* **Task requirements**: Every entry is to be returned exactly as it stands; the pictures are to be dropped.

* **Study material**:

※

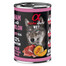 ALPHA SPIRIT Prosciutto e melone 400g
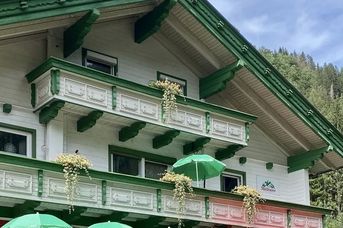 Molltaler Apartments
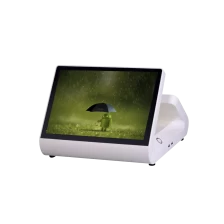 Cina (POS -8912-A) Macchina POS da 12 pollici con dispositivo All-in-One Touch Andorid produttore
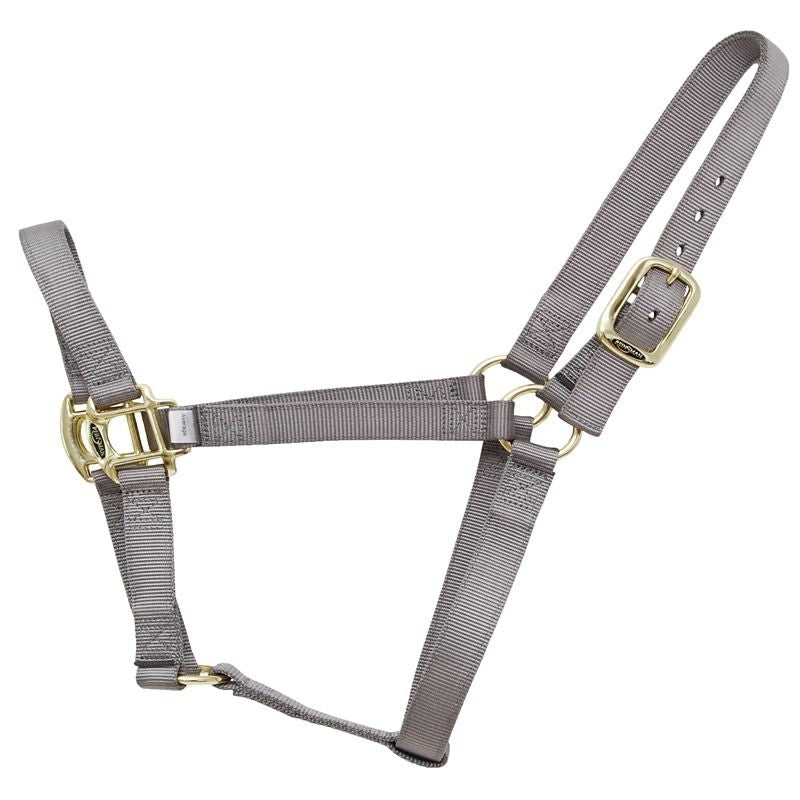 Reinsman Classic Nylon Halter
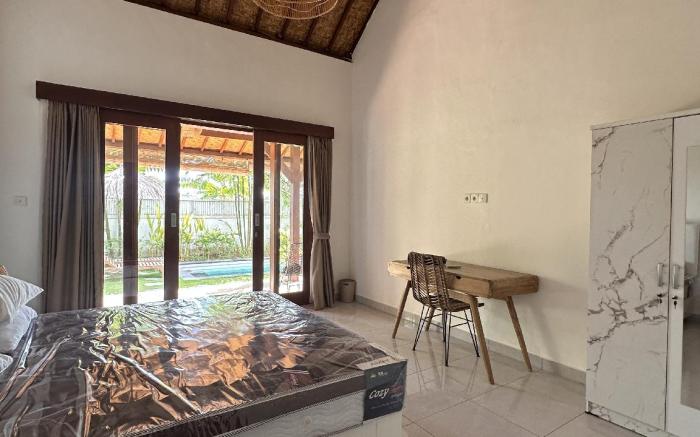 Villa Casa Mani Fieldviews 3 mins to the beach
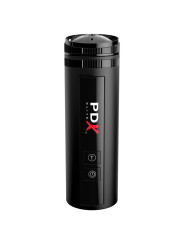 MOTO BATOR X MASTURBADOR HOMBRE 5 VELOCIDADES DE LA MARCA PDX ELITE
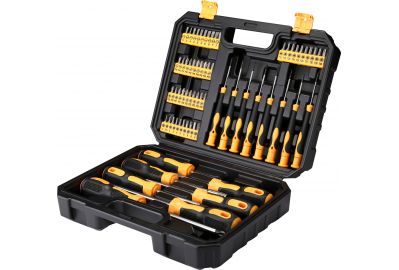 Набор инструментов для дома Deko DKMT65 SET 65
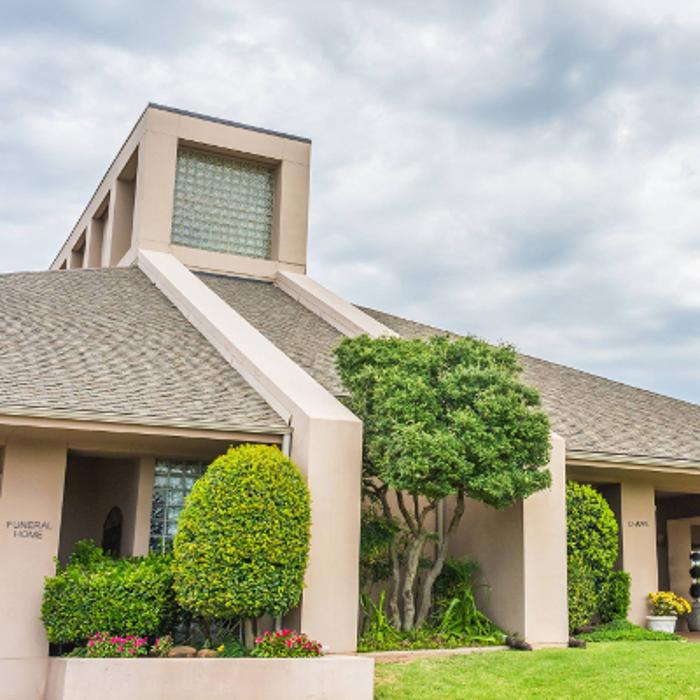 Resthaven Funeral Home, Cemetery & Cremation - Oklahoma City, OK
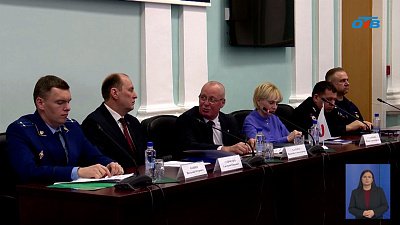 ОНК Челябинской области подвели итоги работы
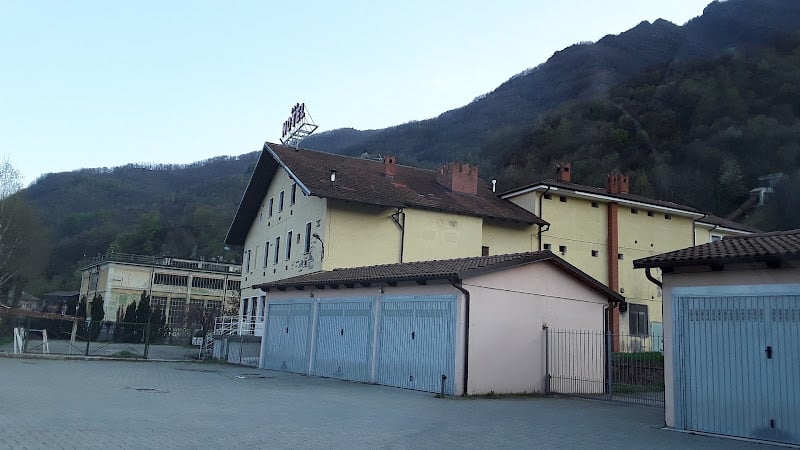 Albergo L'Ostu Del Povr-om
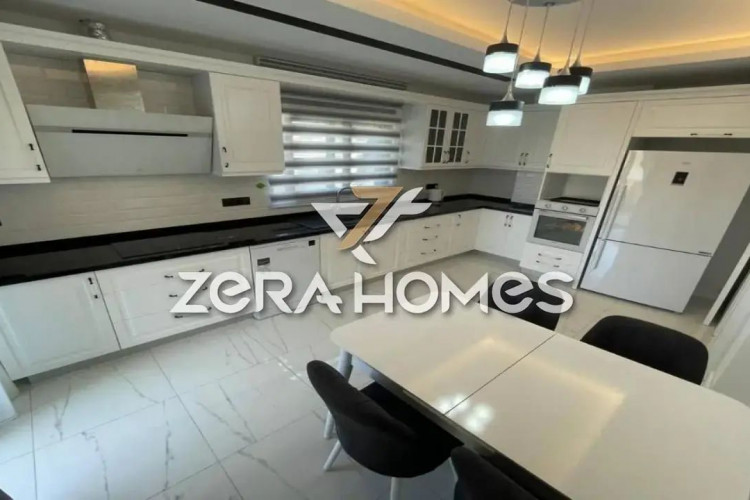 Квартира 4+1 в Алании, Турция | PKK-52148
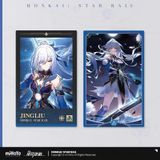  [Hàng sẵn] Bộ thẻ sưu tập loạt chủ đề Nón Ánh Sáng - Honkai Star Rail 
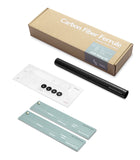Gearlab Carbon Fiber Ferule - 2 Piece Greenland - Midwest Paddle Adventures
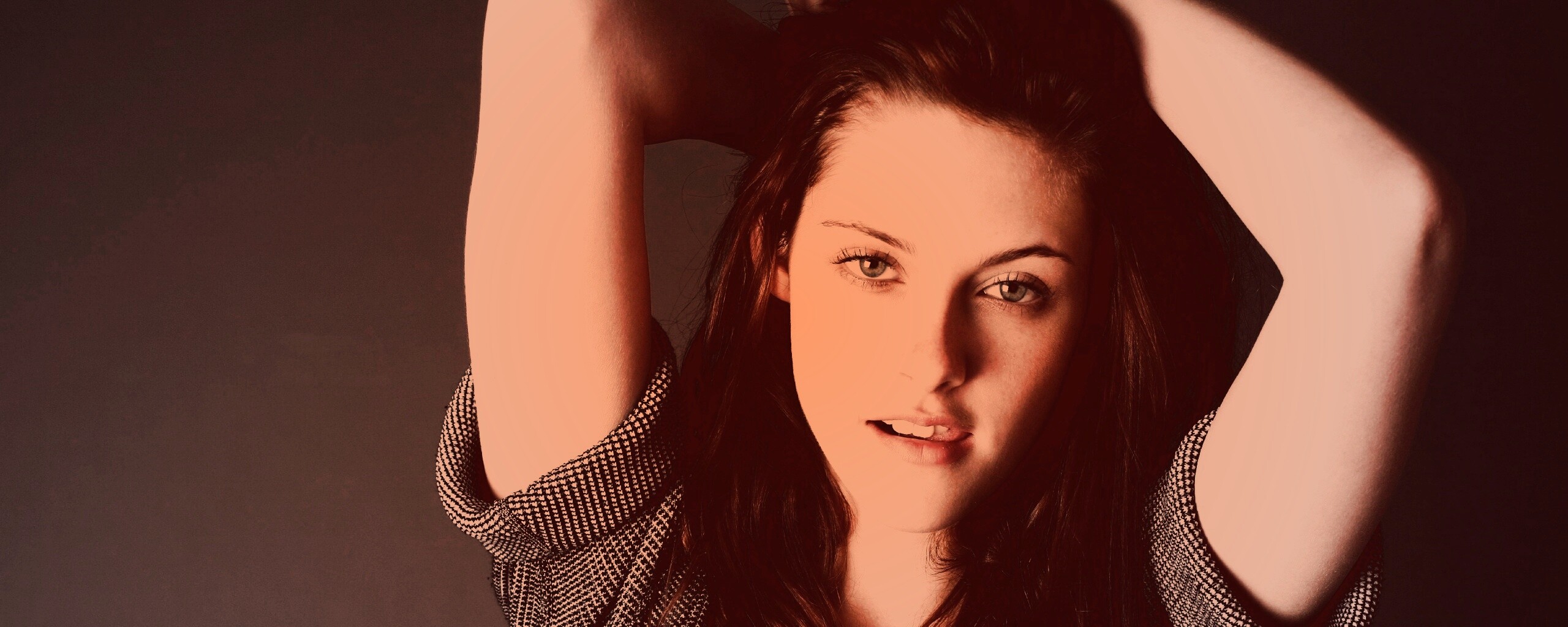 Кристен Стюарт обои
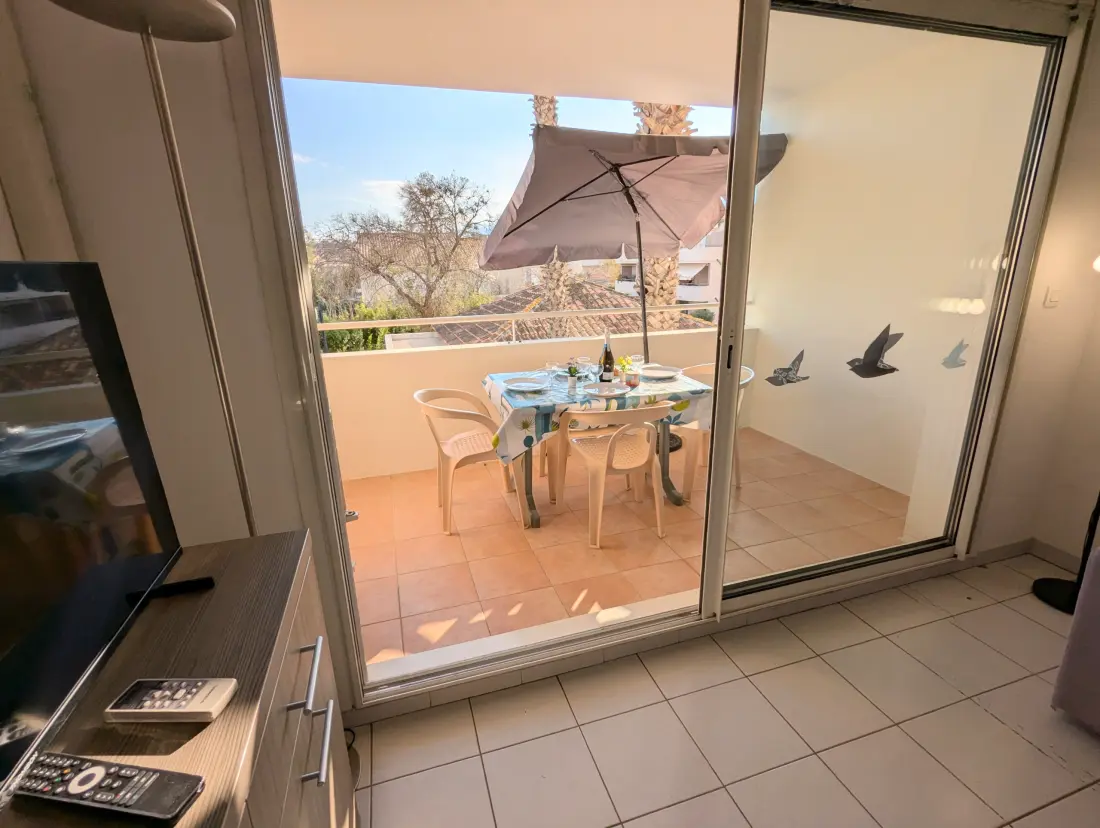 Appartements à Le Grau-du-Roi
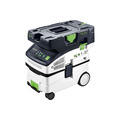 Festool Cordless mobile dust extractor CLEANTEC CTLC MIDI I-Basic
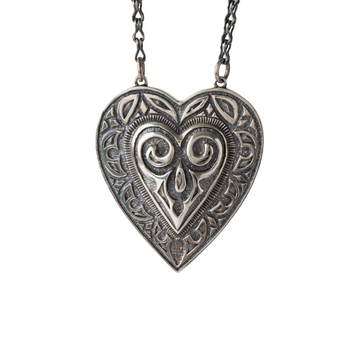 Yerevanyan Sırt necklace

※

* **Written reply**:
 ALPHA SPIRIT Prosciutto e melone 400g
 Molltaler Apartments
 Cina (POS -8912-A) Macchina POS da 12 pollici con dispositivo All-in-One Touch Andorid produttore
 Reinsman Classic Nylon Halter
 Villa Casa Mani Fieldviews 3 mins to the beach
 MOTO BATOR X MASTURBADOR HOMBRE 5 VELOCIDADES DE LA MARCA PDX ELITE
 Набор инструментов для дома Deko DKMT65 SET 65
 Resthaven Funeral Home, Cemetery & Cremation - Oklahoma City, OK
 ОНК Челябинской области подвели итоги работы
 Albergo L'Ostu Del Povr-om
 Квартира 4+1 в Алании, Турция | PKK-52148
  [Hàng sẵn] Bộ thẻ sưu tập loạt chủ đề Nón Ánh Sáng - Honkai Star Rail 
Gearlab Carbon Fiber Ferule - 2 Piece Greenland - Midwest Paddle Adventures
 Кристен Стюарт обои
 Appartements à Le Grau-du-Roi
 Festool Cordless mobile dust extractor CLEANTEC CTLC MIDI I-Basic
 Yerevanyan Sırt necklace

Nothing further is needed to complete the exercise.